In the past decade, we’ve seen a shift in the structure of M&A transactions taking place. A decade ago, many hospital M&A transactions were focused on survival, with hospitals seeking a partner because they could no longer meet their communities’ healthcare needs. While survival is still top of mind for 43 percent of hospital leaders, there has been a move toward more balanced transactions, such as a co-membership model or instances where a health system obtains a minority, rather than a controlling majority, stake in a hospital. Hospitals seeking partnership also are obtaining relatively higher capital commitments and a pledge to develop more advanced clinical programs and services.

While hospital M&A has slowed down during the pandemic, the benefits of partnership, including access to scale, have become increasingly clear. Recent transactions demonstrate the value that hospital leaders gain when they approach M&A with an eye toward the commitments they wish to secure for their organization and the communities they serve.

Consider the proposed deal between New Jersey not-for-profit systems CentraState Healthcare System and Atlantic Health System, a deal that is taking place even amid the pandemic. Earlier this year, about a month before the coronavirus emerged in the United States, these systems announced a clinical affiliation that will accelerate growth of CentraState’s neurosciences and oncology programs. Now, as Atlantic Health takes its strategic partnership with CentraState to the next level through a co-membership model, the letter of intent outlines the benefits CentraState will receive under the deal, such as:

  • Shared governance. Under the proposed deal, while Atlantic Health will become the majority corporate member of CentraState, both systems will hold seats on the CentraState governing board, and each will have specific rights and responsibilities.
  • Commitment to strengthen clinical services. The proposed deal includes a five-year plan for capital commitments that will strengthen CentraState’s clinical services, physician network and infrastructure

This balanced approach to hospital M&A is an example of where the industry was headed prior to the pandemic. It’s also a reminder to not-for-profit hospitals and health systems that such arrangements are still possible, even during COVID-19.

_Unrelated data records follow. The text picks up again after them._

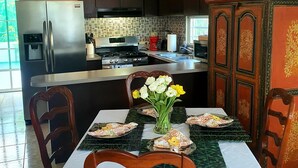 A modern kitchen with a refrigerator, stove, and sink, a dining table with chairs, and a decorative cabinet.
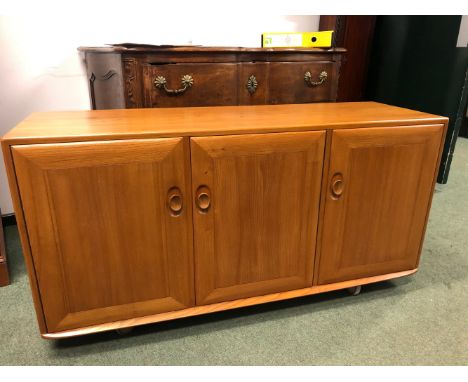 AN ERCOL SIDEBOARD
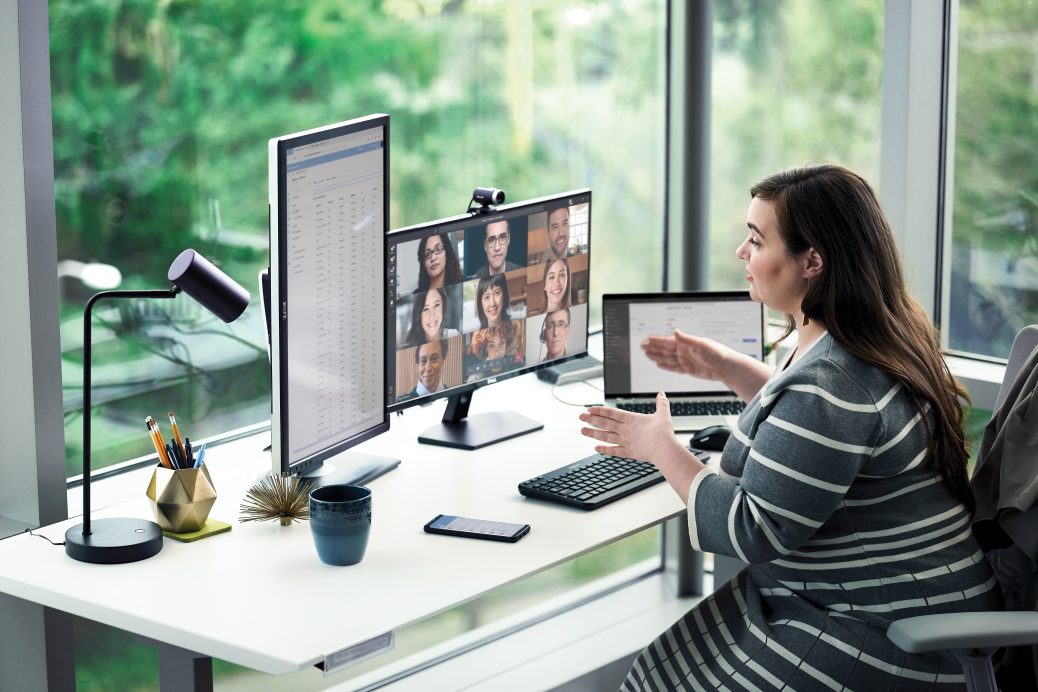 Woman works remotely on Microsoft Teams in a team meeting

“People are used to seeing just pure mergers where a large system acquires a smaller system. And that’s not what this is,” Atlantic Health System President and CEO Brian Gragnolati told HealthLeaders about the arrangement. “This is a new way of figuring out how to work with great healthcare organizations in a way that allows them to continue to stay laser-focused on the communities that they’re serving, but get the necessary support through this relationship, so that they can do an even better job than they’re already doing.”

What to Consider

As the dust settles from COVID-19, hospital leaders who anticipate that M&A will be part of their organization’s future can take steps toward a more balanced approach by keeping the following in mind.

Initiate discussions around capital commitment and shared governance early. This sets expectations for both sides from the start and ensures that leaders for both organizations are clear on priorities before a letter of intent is signed.

Determine your must-haves before discussions start. For example, if capital or service-expansion commitments are a priority for your organization, which commitments rank highest in priority? Which ones are nice-to-haves that your organization would be willing to give up to secure your highest-priority commitments?

Consider whether the organizations’ missions and cultures support a balanced approach. Taking a strategic approach to hospital M&A means assessing whether your organizations are culturally compatible. That’s especially true if your hospital seeks a balanced approach to M&A. Determine where cultural differences exist, and don’t shy away from discussions around how to overcome them.

In the case of CentraState and Atlantic Health, shared mission and values were crucial to pursuing a balanced approach to M&A. “Our organizations align in mutually beneficial ways, with the constant focus on a common culture of commitment to our patients, physicians and employees,” CentraState CEO John Gribbin told a local news outlet.